Benjamin, Walter
German Jewish philosopher, cultural critic and essayist. An eclectic thinker, combining elements of German idealism, Romanticism, Western Marxism, and Jewish mysticism, Benjamin made enduring and influential contributions to aesthetic theory, literary criticism, and historical materialism. He was associated with the Frankfurt School, and also maintained formative friendships with thinkers such as playwright Bertolt Brecht and Kabbalah scholar Gershom Scholem. He was also related to German political theorist and philosopher Hannah Arendt through her first marriage to Benjamin's cousin Günther Anders.

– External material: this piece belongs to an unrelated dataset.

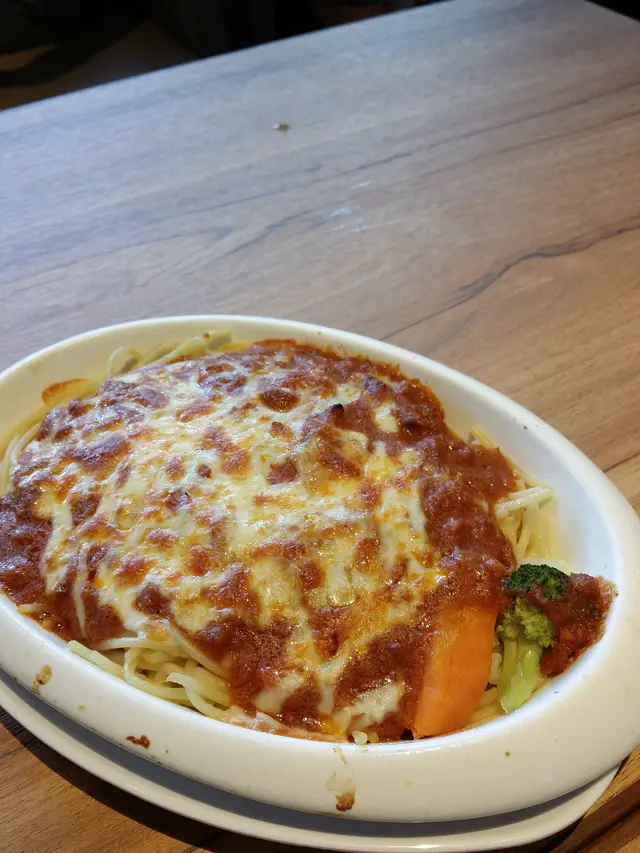 焗米蘭芝士火腿肉醬意粉 $31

Among Benjamin's best known works are the essays "The Work of Art in the Age of Mechanical Reproduction" (1935), and "Theses on the Philosophy of History" (1940). His major work as a literary critic included essays on Baudelaire, Goethe, Kafka, Kraus, Leskov, Proust, Walser, and translation theory. He also made major translations into German of the Tableaux Parisiens section of Baudelaire's Les Fleurs du mal and parts of Proust's À la recherche du temps perdu. In 1940, at the age of 48, Benjamin committed suicide at Portbou on the French–Spanish border while attempting to escape from the invading Wehrmacht. Though popular acclaim eluded him during his life, the decades following his death won his work posthumous renown.
Experience and Poverty:
Mainly talks about the advance of technology and how it detaches us from the real experience of the material reality. This poverty in experience is directly related to the poverty of our spirit. What was interesting was the mention of the wave of spiritual movement, "ideas that have come with the revival of astrology and the wisdom of yoga, Christian Science and chiromancy, vegetarianism and gnosis, scholasticism and spiritualism." Surprising to hear that this same trend came back now as it did then. He gives an example of Disney's Mickey Mouse and how the technological objects such as cars and planes are depicted in total irrelevance to their material quality.